Eminem abandoned the psychopath ‘Slim Shady’ alter-ego for this album, and while that may be less interesting, it is more realistic and relate-able to the listener. This is Eminem rapping about real life with no exaggeration or added drama. From dealing with backstabbing girlfriends, a crazy mother, losing custody of his daughter or attacking the country he lives in, this album gives the listener a glimpse at the life that made the brilliant imagination on his past two albums possible. Instead of invented stories of him torturing his mom and girlfriend, he explains in excruciating detail how it was that his mom and girlfriend actually made his life a living hell with songs like “Cleaning Out My Closet” and “Soldier”, with line after line of goosebump-raising rhymes like: “So ticky-tock listen as the sound ticks on the clock. Listen to the sound of Kim as she licks on a cock! Listen to the sound of me spilling my heart through this pen! Motherfukers know that I’ll never be Marshall again!”.
The biggest fault with
The Eminem Show is clearly its production. It is often so simplistic that it is not worth detailing in the review. It usually features a simple electronic melody on repeat and a rhythmic snare drum or clapping sound and nothing more. While Dr. Dre was the executive producer on his last two albums, here he only chips in on three tracks “Business” “Say What You Say” and “My Dads Gone Crazy”. Yet although the beats are less enjoyable immediately, they have more soul to them than any of the beats Dre made for him. This album is mostly about the message and lyrics, but the rather crude beats do eventually grow on most people and wind up meshing with the lyrics far better than any beats that Dre has created. A perfect example of Eminem blowing the production, but killing it lyrically, is when he makes his first and all-time best attempt at political rap on the song “Square Dance”, aggressively programming the younger generation with lines like:
Yeah you laugh til your muthafukin ass gets DRAFTED
While your at band camp thinking 'the crap can’t HAPPEN'
Til you fuk around get an anthrax NAPKIN
Inside a package wrapped in Siran wrap WRAPPIN
Open the plastic and then you stand back GASPIN
Fukin' assassins hijacking Amtracks, CRASHIN
All this terror and America demands ACTION
Next thing you know you got Uncle Sam’s ass ASKIN
‘to join the army’ or ‘what can you do for the navy?’

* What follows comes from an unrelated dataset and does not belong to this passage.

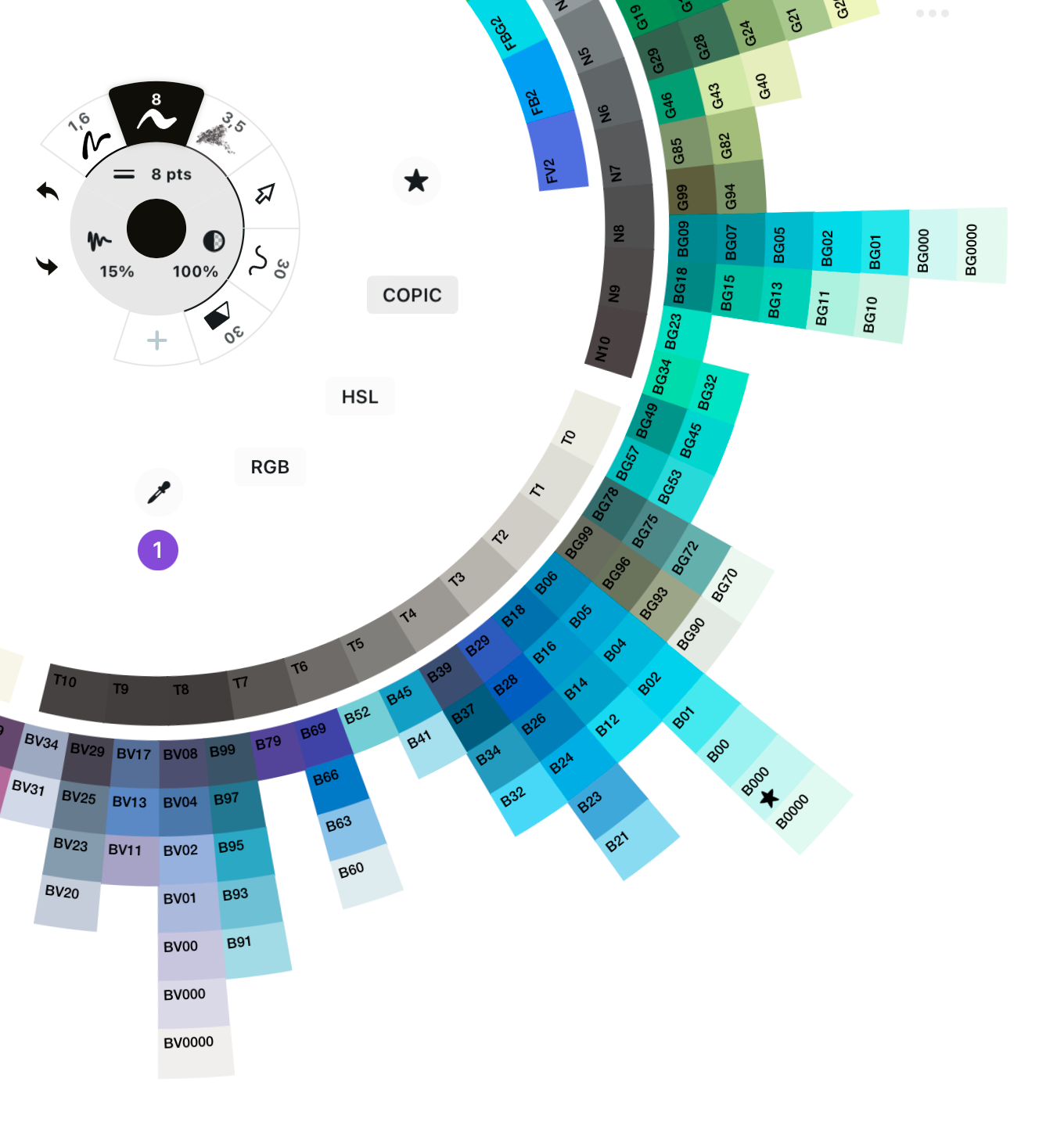 Color Picker icon in Color Wheel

You just a baby, getting recruited at 18
You on a plane now eating their food and their baked beans
I’m 28, they gon’ take you before they take me!
For better or worse, Eminem put a dagger in the back of segregation in Hip Hop and changed it forever. Casual fans of rap won’t find much to like on here, but people who can stand bad production combined with meaningful lyrics, should find this album, that is over a decade old, to be relevant and interesting today. He even takes a crack at heartfelt SINGING on here, and damn- it works, on the track "Hailey's Song". Even though his voice is atrocious, you can just feel his pain coming through his vocals. Eminem has never been so serious on any other album, and that is a pity.
Even though this album sold more than any album in 2002, it is clear he didn't think this style would work and changed for the worse on his next albums: falling back into his comedic persona and rapping constantly about relatively trivial problems like drug abuse. But when all is said and done I believe this album will be looked back upon as his best album, primarily for the topics it deals with and the embarrassingly honest way in which he deals with them. Simply put, this album fits with the Hip Hop tradition of 'keeping it real' far better than any album Eminem ever made.